Finance bosses press UK’s Reeves to ease investment taxes, sources say

By Iain Withers

LONDON (Reuters) -Bosses from global financial firms pressed Britain’s finance minister Rachel Reeves on Wednesday to improve tax incentives for UK consumers to invest and to boost UK competitiveness, four sources briefed on the discussions told Reuters.

The British government has come under intensifying pressure to boost the country’s sluggish growth and to pursue reforms to revitalise its finance industry and better compete with rival centres to London like New York.

Executives from JPMorgan, BlackRock, Goldman Sachs, Morgan Stanley, Citi, Fidelity, Schroders and abrdn all attended the meeting on Wednesday.

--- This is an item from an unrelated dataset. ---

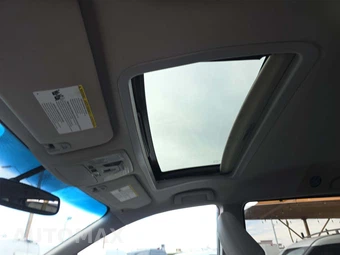 2017 Toyota Sienna XLE 8-Passenger 119.3" WB - miniatura 11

One focus of the talks was requests from the investment industry to change the tax treatment of cash savings accounts (ISAs) to encourage people to invest in stocks and bonds instead, two of the sources said.

Reeves was also pressed to cut stamp duty levied on stock investments, a long-standing demand from finance executives, two sources said.

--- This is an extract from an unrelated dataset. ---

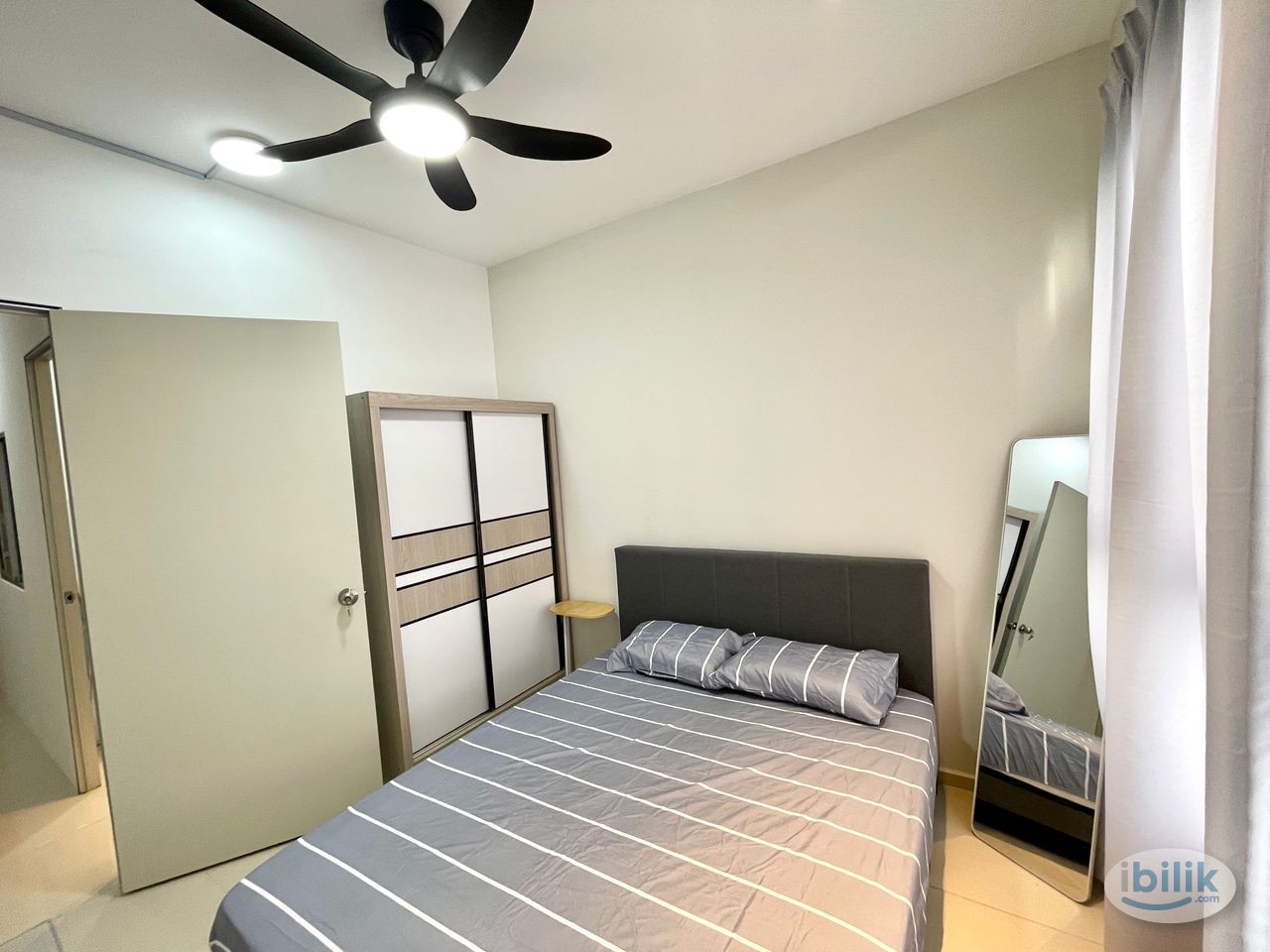 Seiring Residensi Pool View Rooms for Rent – Newly Furnished @ Female Unit - Image 2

The impact on Britain’s competitiveness of moves in the Budget to close loopholes that previously benefitted wealthy non-domiciled residents was also raised by industry representatives, two sources said.

Reeves reiterated her desire to cut red tape to help Britain compete, one source said.

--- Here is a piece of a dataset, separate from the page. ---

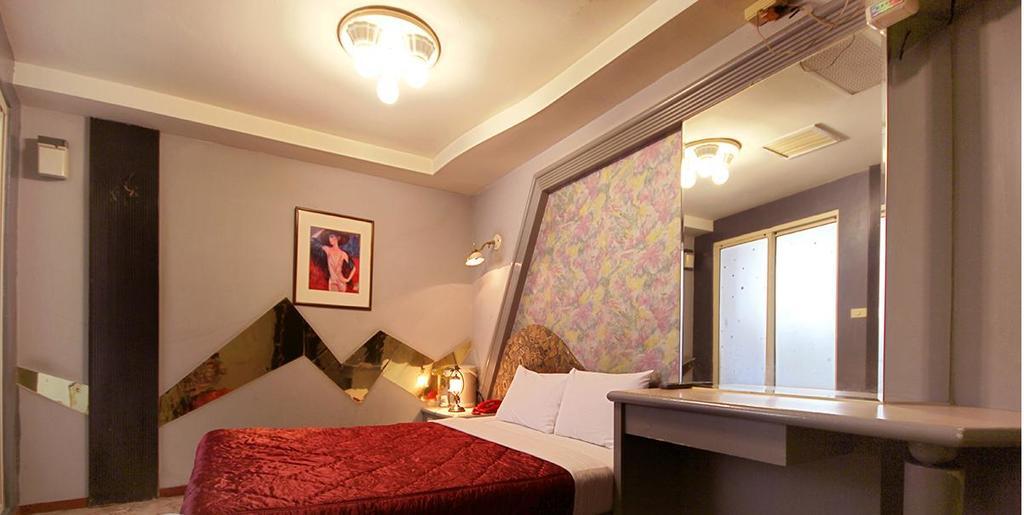 Broadway Hotel Taichung Eksteriør billede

The finance bosses at the meeting broadly welcomed the government’s ongoing attempts to make regulation more supportive of growth, the sources added.

The finance ministry declined to comment.

Reeves also laid out at the meeting that Britain would cut the time it takes to settle securities trades, according to a finance ministry statement earlier in the day, part of a wider push by global regulators to make it quicker and easier to trade.

The finance ministry confirmed that the UK could cut the time taken to one day from two, from Oct. 11, 2027.

“I am determined to go further and faster to drive growth and put more money into people’s pockets,” Reeves said.